Averaging size vectors results in unsuitable shift

So when the model aggregates inputs from different offer attributes, it will result in a suboptimal prediction for offers based on brand, category, or model.

One can easily imagine other examples like this:

  • users’ preferred stores of a retail chain are likely to correlate with their zip code
  • travel discount cards (youth discount, senior discount) are implicitly explained by age groups.

In general, in the majority of our clients’ datasets, there are some non-hierarchical features that can lead to similar problems.

Going back to the measures showing such problems, let’s look at how the single model with simple architecture compares to the baseline specialized only on one offer attribute when evaluating offers defined with this attribute. The metric we report is weighted macro AUC over most popular offers defined with a chosen attribute (for more details about evaluation protocol, refer to the article with full technical details and to notebooks on public datasets):

Tinyclues client: online retail company || Tinyclues client: a store chain

We see that in all examples, there is a substantial difference between the single model we used and the mono-feature baseline.

Solution hint

The problem exposed above is clearly a learning problem — learned embeddings are not well adapted for some offer definitions, and interaction only makes it worse. During the tests, we have seen that simply changing a model to a more complex one without taking into account embeddings averaging in the training process doesn’t have much effect: it can naturally increase AUC, but the gap with mono-feature baseline will stay the same, or even increase (more complex model can learn problematic correlation even better).

To address this issue, we have implemented a novel model architecture that learns on the data with group-by-like augmentations similar to the offers that could be seen during the inference and better takes into account average embeddings, as well as their variance.

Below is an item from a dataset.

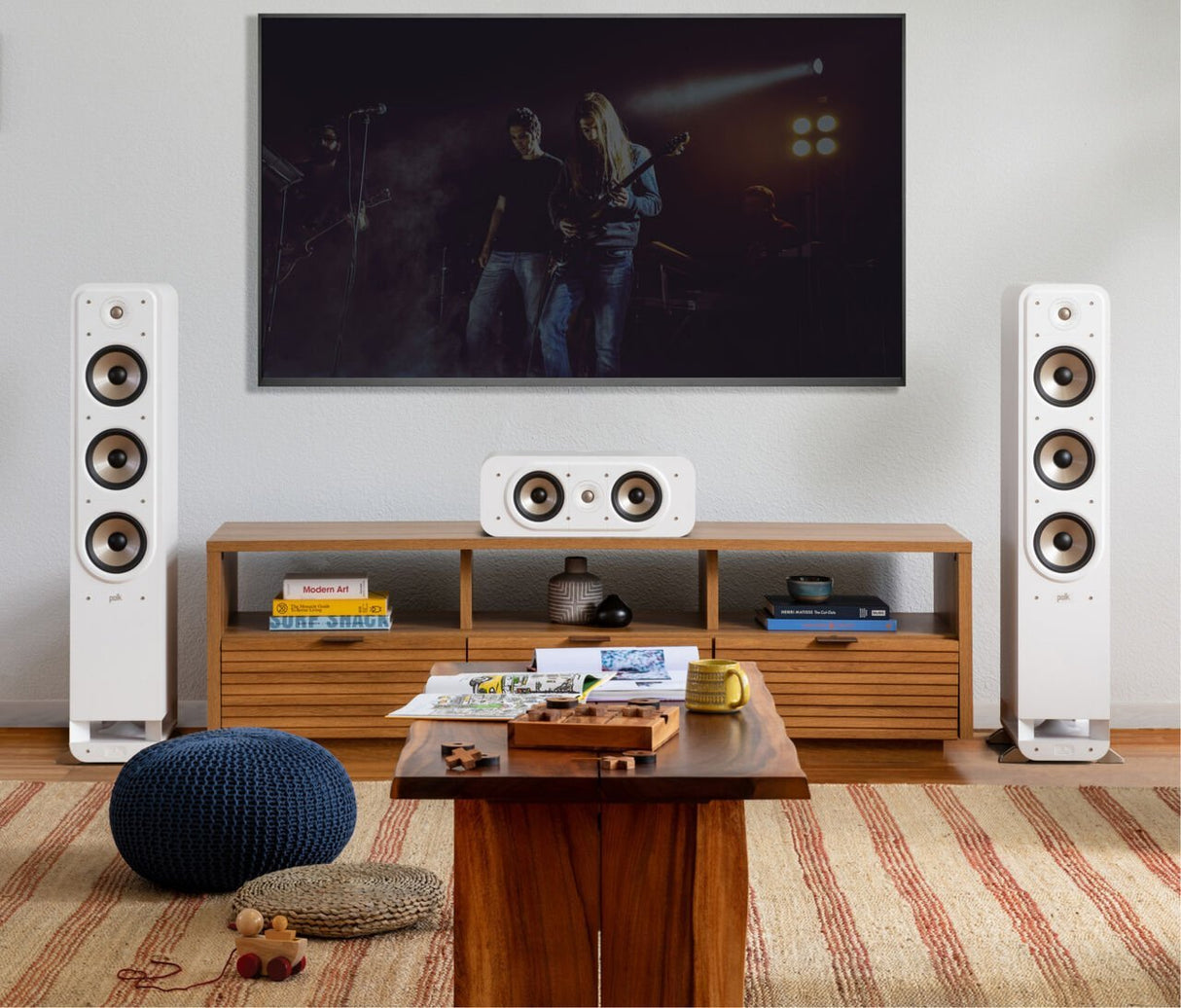Polk Signature Elite Es60 Blanco Sistema De Altavoces Hi-Res / Altavoz De Pie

This model is described in detail in the next article, along with various benchmarks and ablation studies that we conducted to make sure this approach works as we expected.

Going back to the comparison with mono-feature baselines, we made the benchmarks against baselines with new architecture (which has, in general, better AUC than a simple model from above), and we can see that the new model allowed us to almost completely cover the performance gap seen before:

Tinyclues client: online retail company || Tinyclues client: a store chain

Conclusion

As we can see, our “transposed recommender system” setup brings with it some curious challenges that affect our machine learning design choices.

Providing our clients unlimited flexibility in defining their offers means that we need to adapt our ML system to guarantee high accuracy in all scenarios while respecting time constraints.

For this purpose, we designed one single model that handles all kinds of clients’ requests. This universal model automatically leverages data mutualization and, by aggregating offer features, provides consistently fast and reliable predictions.